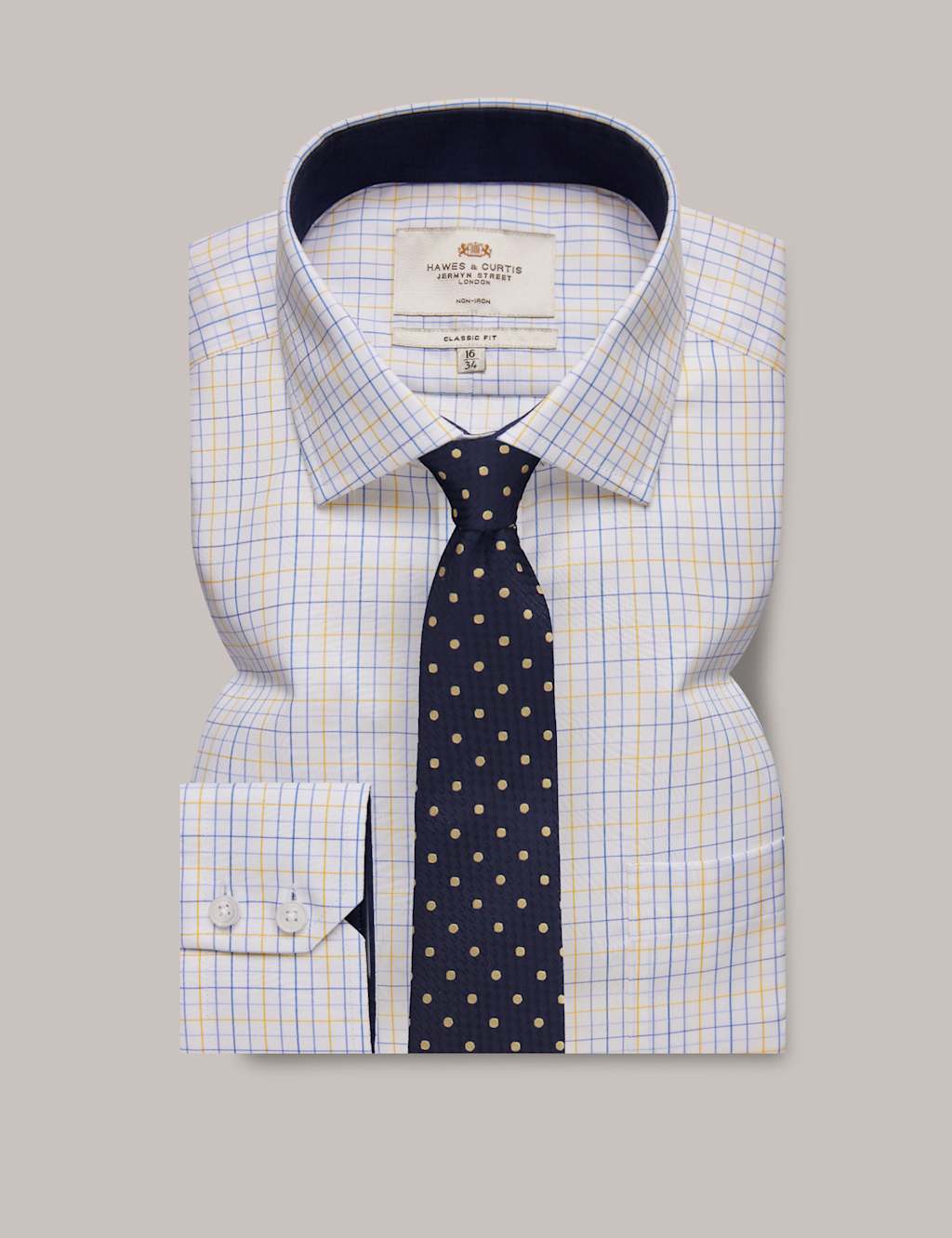 Classic Fit Non Iron Pure Cotton Check Shirt image 2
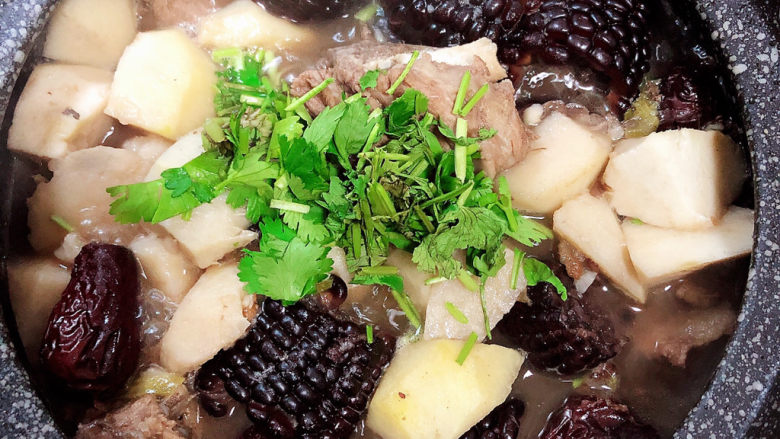 Taro Pork Ribs Soup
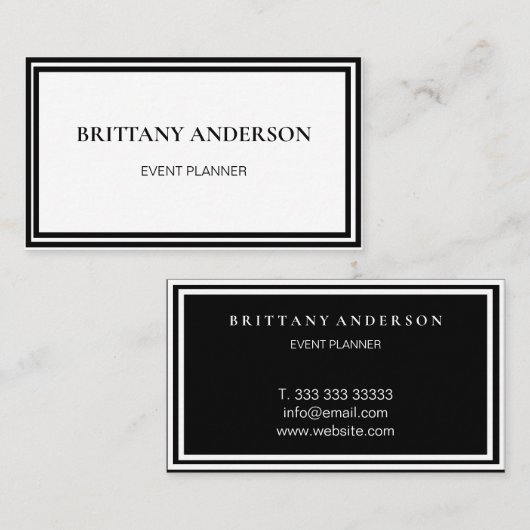 Modern Professional Minimalist Luxury 名刺 (正面/裏面)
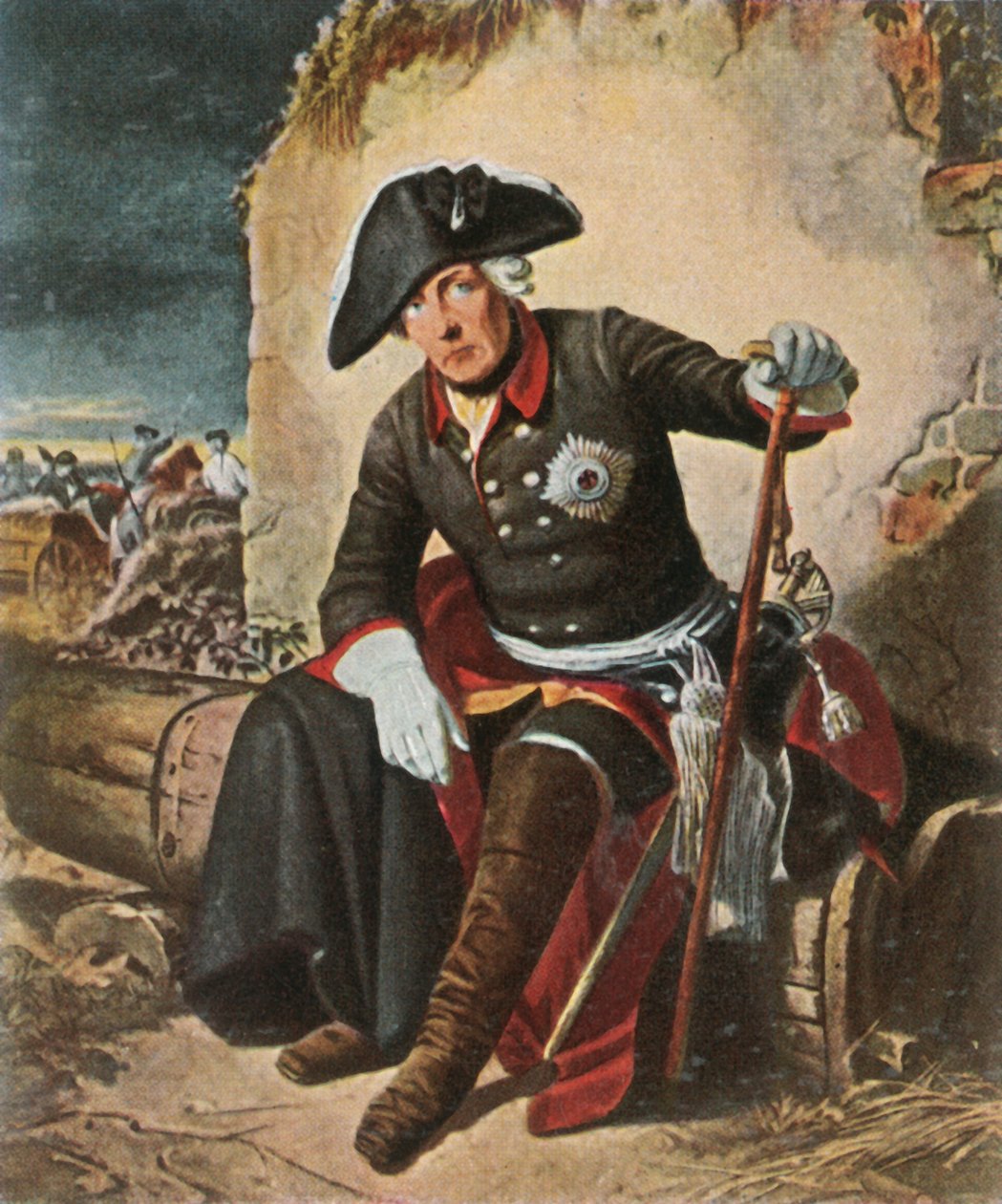 Fredrik den store etter slaget ved Kolín, 18. juni 1757, 1936. av Unbekannt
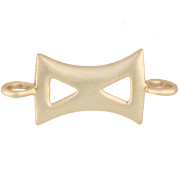 Distanziatore di design traforato 17,5x8 mm - Dorato con oro fino x1
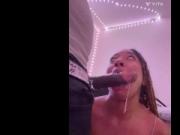 Are you watching Star Wars are you gonna let me suck that big black dick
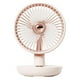 thumbnail image 1 of Ventilador de escritorio Toystoory de 3 velocidades enfriador de aire portátil ajustable Electrodomésticos Rosado, 1 of 6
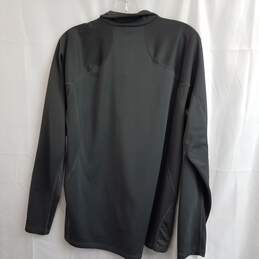 The North Face Men's Gray Flash Dry Quarter Zip Pullover Size L alternative image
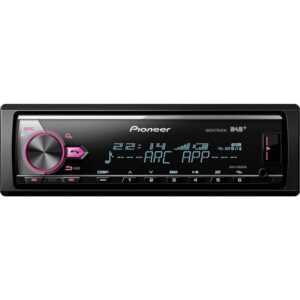 Pioneer - MVH-X580DAB Autoradio dab+ Tuner, Anschluss für Lenkradfernbedienung, Bluetooth®-Freispreche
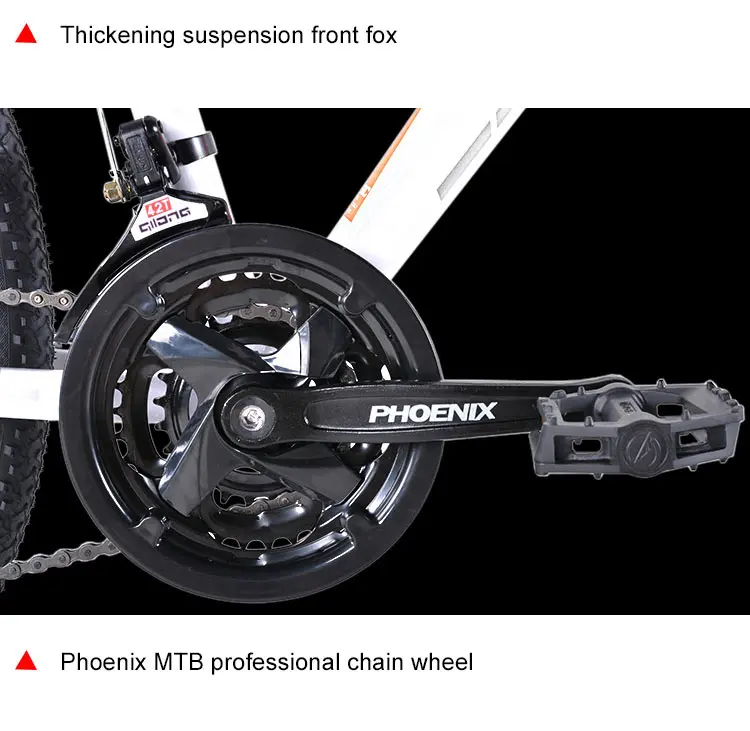Феникс 2" 26" горный велосипед 21/27 скоростной мужской женский стальной велосипед MTB подвесная вилка велосипед студенческий внедорожный велосипедный велосипед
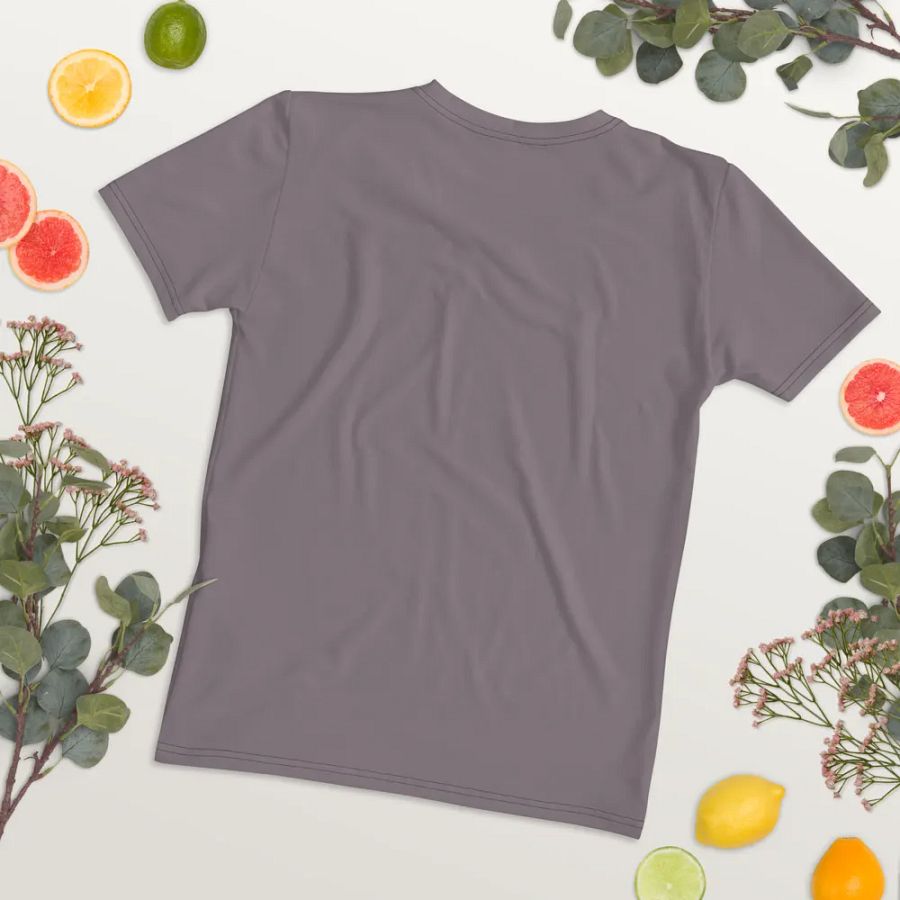 Plain Medium Gray True Summer Women's Crewneck Polyester Heavyweight Premium T-Shirt by Treasure Pie product image (12)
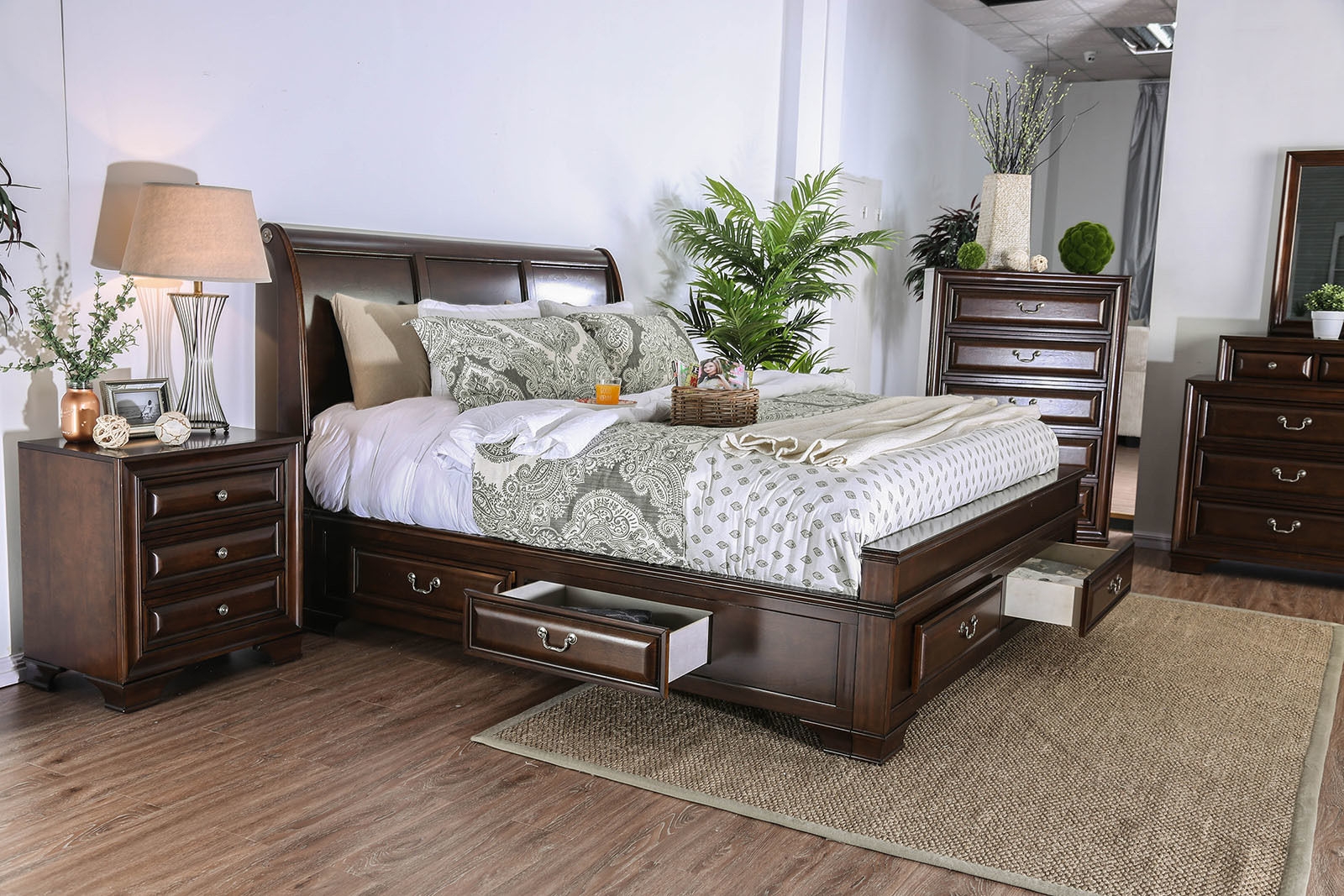 Brandt Wood Storage Panel Bedroom Set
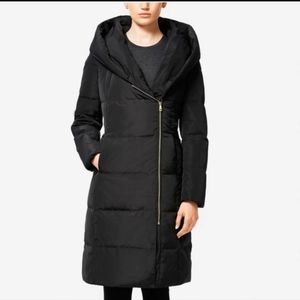Cole Haan Asymmetrical Puffer coat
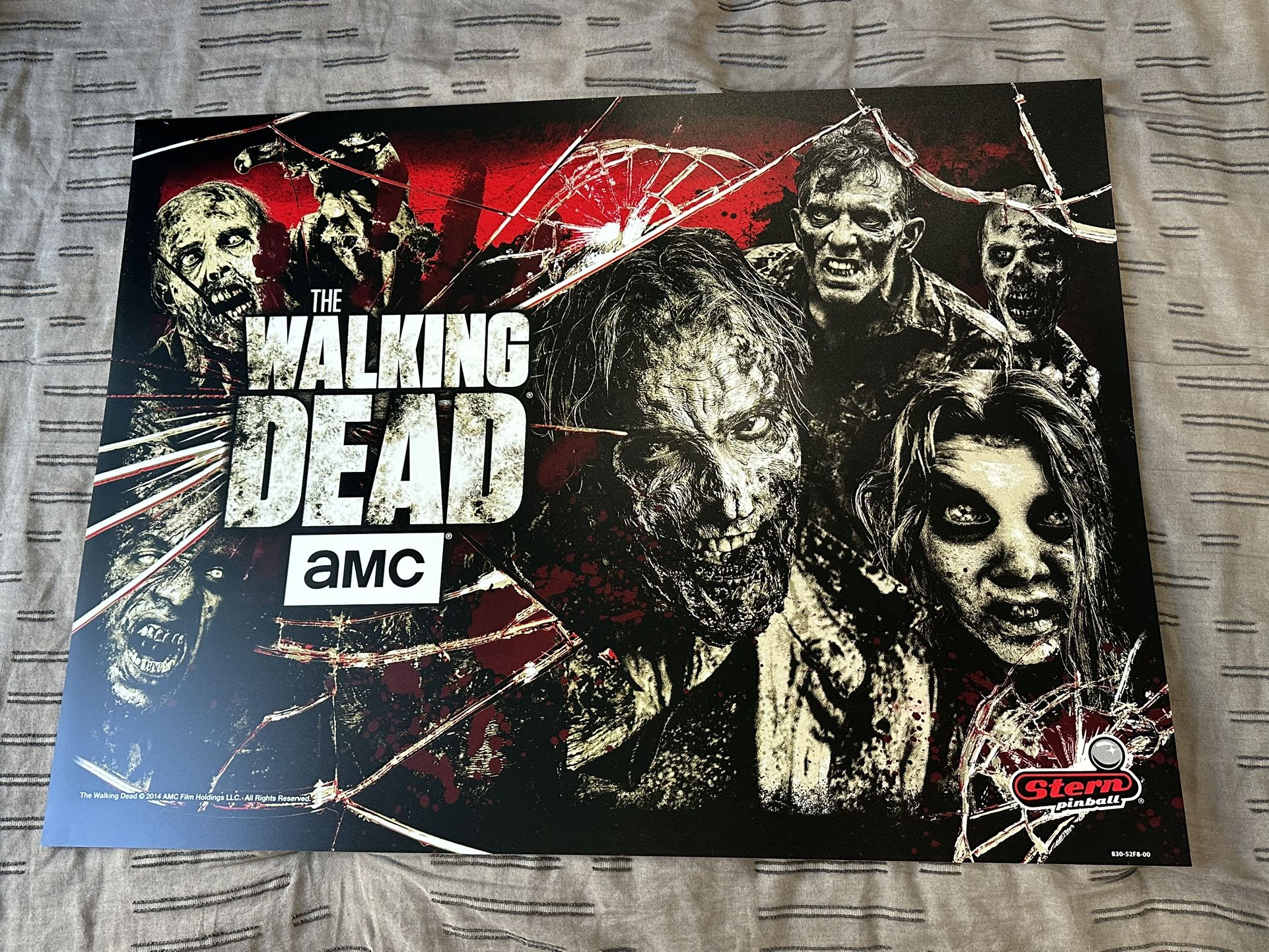 Stern Pinball Walking Dead Pro (2014) Translite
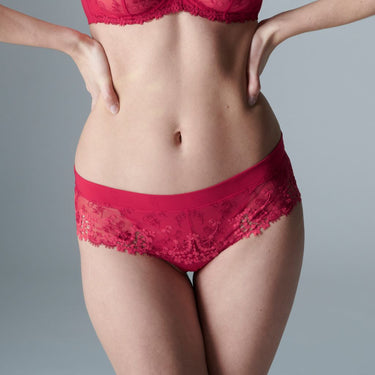 Simone Perele Wish shorty hipster trusse ruby rose Rød 1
---*---
Task ▸
An exact reproduction of the lines from the line containing "Fredrik den store" through the end of the listing above is needed; pictures stay out.

Solution to this exercise ▸
 Fredrik den store etter slaget ved Kolín, 18. juni 1757, 1936. av Unbekannt
 Distanziatore di design traforato 17,5x8 mm - Dorato con oro fino x1
 Are you watching Star Wars are you gonna let me suck that big black dick
 thumbnail image 1 of Ventilador de escritorio Toystoory de 3 velocidades enfriador de aire portátil ajustable Electrodomésticos Rosado, 1 of 6
 The North Face Men's Gray Flash Dry Quarter Zip Pullover Size L alternative image
 Pioneer - MVH-X580DAB Autoradio dab+ Tuner, Anschluss für Lenkradfernbedienung, Bluetooth®-Freispreche
Феникс 2" 26" горный велосипед 21/27 скоростной мужской женский стальной велосипед MTB подвесная вилка велосипед студенческий внедорожный велосипедный велосипед
 Plain Medium Gray True Summer Women's Crewneck Polyester Heavyweight Premium T-Shirt by Treasure Pie product image (12)
 Brandt Wood Storage Panel Bedroom Set
Cole Haan Asymmetrical Puffer coat
 Stern Pinball Walking Dead Pro (2014) Translite
 Simone Perele Wish shorty hipster trusse ruby rose Rød 1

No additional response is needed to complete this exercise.